Effecten van zandwinning en zandtransport
In Nederland wordt zand gewonnen buiten de doorgetrokken -20 m NAP dieptelijn en binnen de 12-mijlszone. Zand wordt gewonnen met een sleephopperzuiger. Een sleephopperzuiger is een schip dat is voorzien van 1 of 2 zuigbuizen en een eigen laadruim, het zogenaamde 'beun'. Aan het eind van iedere zuigbuis zit een sleepkop, die dient om het op te zuigen materiaal los te maken en voor de zuigmond te brengen. De sleephopperzuiger baggert al varend met een snelheid van 4 à 7 km/uur (2 à 4 knopen). Het baggermengsel wordt het laadruim in gebracht, waar het zand vervolgens de gelegenheid krijgt om te bezinken. De fijne fractie die niet bezinkt (fijn zand en slib) vloeit samen met het water terug in zee. Dit wordt de overvloei genoemd. Naarmate het laadruim voller wordt, stroomt er meer water met sediment terug naar zee. De fijne delen uit de overvloei zullen niet direct bezinken en kunnen leiden tot vertroebeling van de waterkolom. Dit wordt zichtbaar als een slibpluim rond het schip. De verspreiding van het fijn sediment is afhankelijk van de heersende golven en stroming. De potentiële effecten van zandwinning kunnen worden opgesplitst in diverse vormen van verstoring en effecten als gevolg van het vrijkomen van fijn sediment.
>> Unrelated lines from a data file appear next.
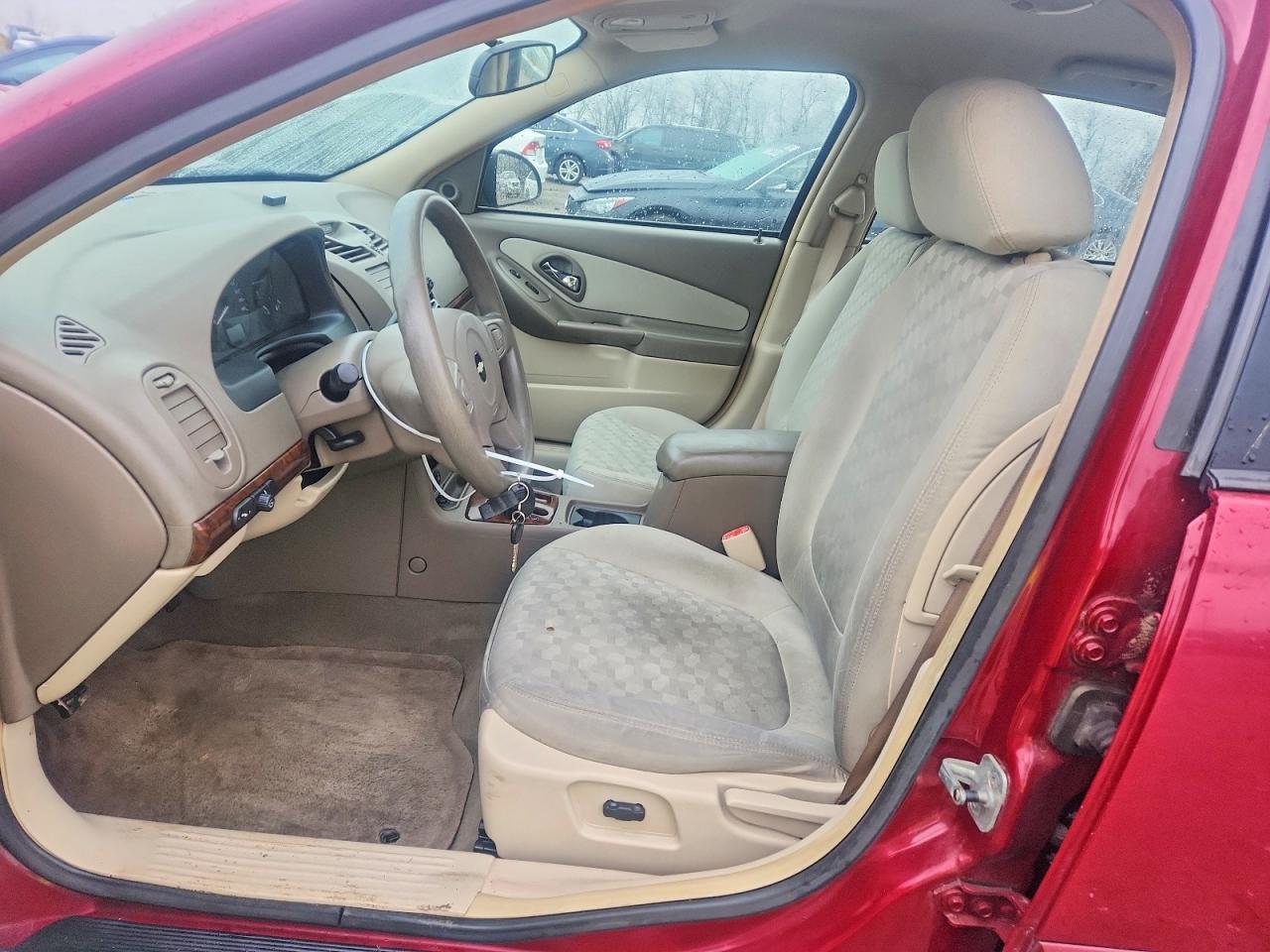 2005 Chevrolet Malibu ls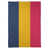 Navy Blue/Gold/Scarlet Red selected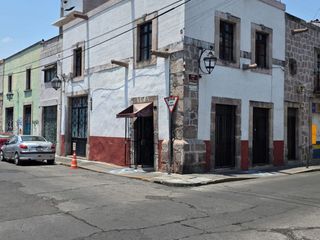 LOCAL EN RENTA EN CENTRO DE MORELIA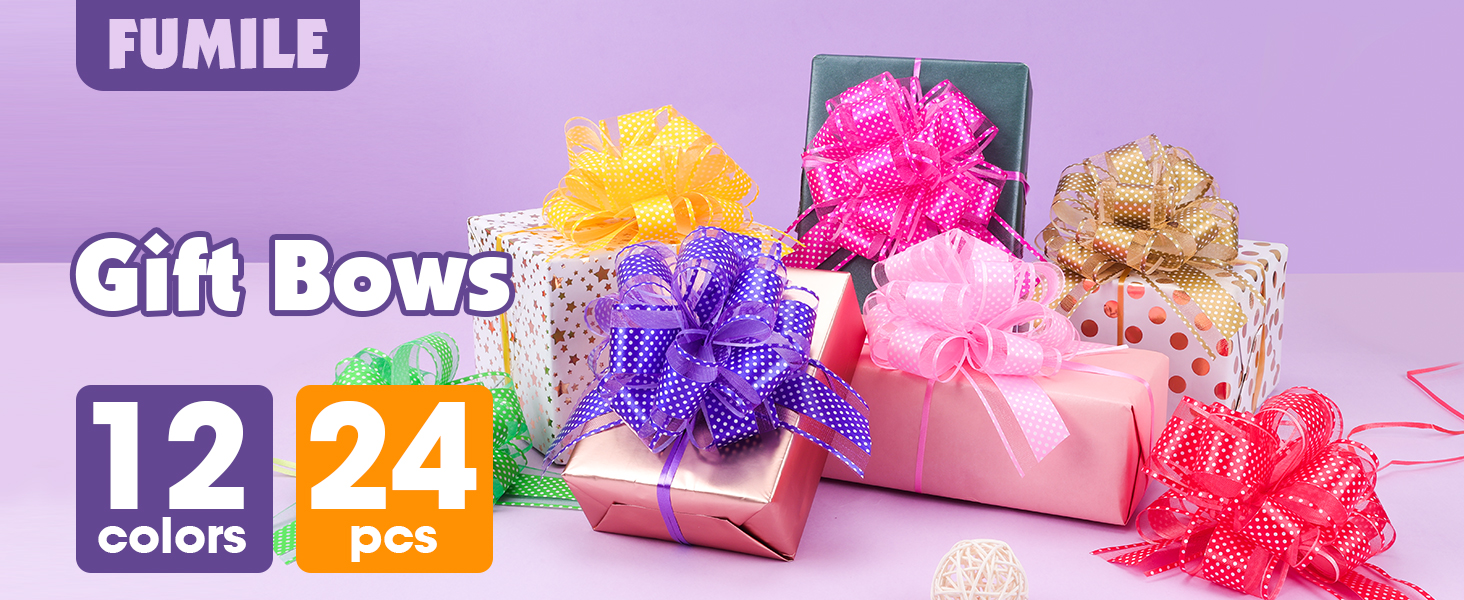 gift bows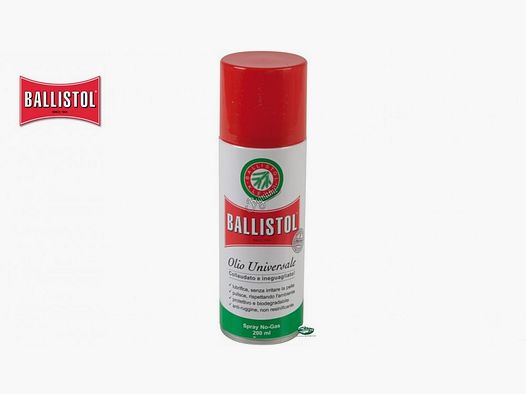 BALLISTOL Öl Spray ohne Gas 200 ml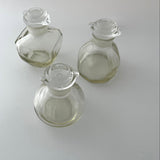 Hirota Heritage Glass Soy Sauce Dispensers — Small Trio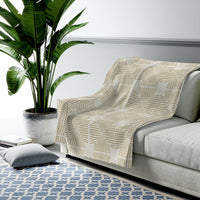 Thumbnail for Pattern Blanket Plush Throw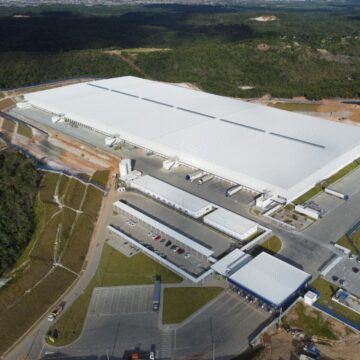 Mercado Livre investe em galpão climatizado e sustentável na Bahia; conheça detalhes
Zandwinning en zandtransport kunnen potentieel leiden tot diverse vormen van verstoring. Visuele verstoring kan optreden tijdens het heen en weer varen van sleephopperzuigers tussen zandwinlocatie en suppletielocatie. Verstoring door geluid kan optreden door geluiden tijdens baggeren, zowel boven als onderwater. We spreken ook van verstoring wanneer een deel van de zeebodem en geassocieerde flora en fauna wordt verwijderd. Elk van deze verstoringen kan effect hebben op verschillende soortgroepen:
- Visuele verstoring van zeehonden en vogels
- Verstoring door geluid van vissen, vogels en zeezoogdieren;
- Bodemverstoring van aanwezige bodemdiergemeenschappen en geassocieerde visgemeenschappen.
Visuele verstoring en verstoring door geluid
Verstoring door varende en baggerende schepen kan optreden bij verschillende soorten vogels en zeezoogdieren. Hierbij gaat de meeste aandacht uit naar zeezoogdieren en vogelsoorten waarvoor instandhoudingsdoelstellingen zijn geformuleerd binnen Natura 2000-gebieden. De gewone zeehond, de grijze zeehond en de bruinvis zijn de meest voorkomende zeezoogdieren in de Nederlandse mariene wateren.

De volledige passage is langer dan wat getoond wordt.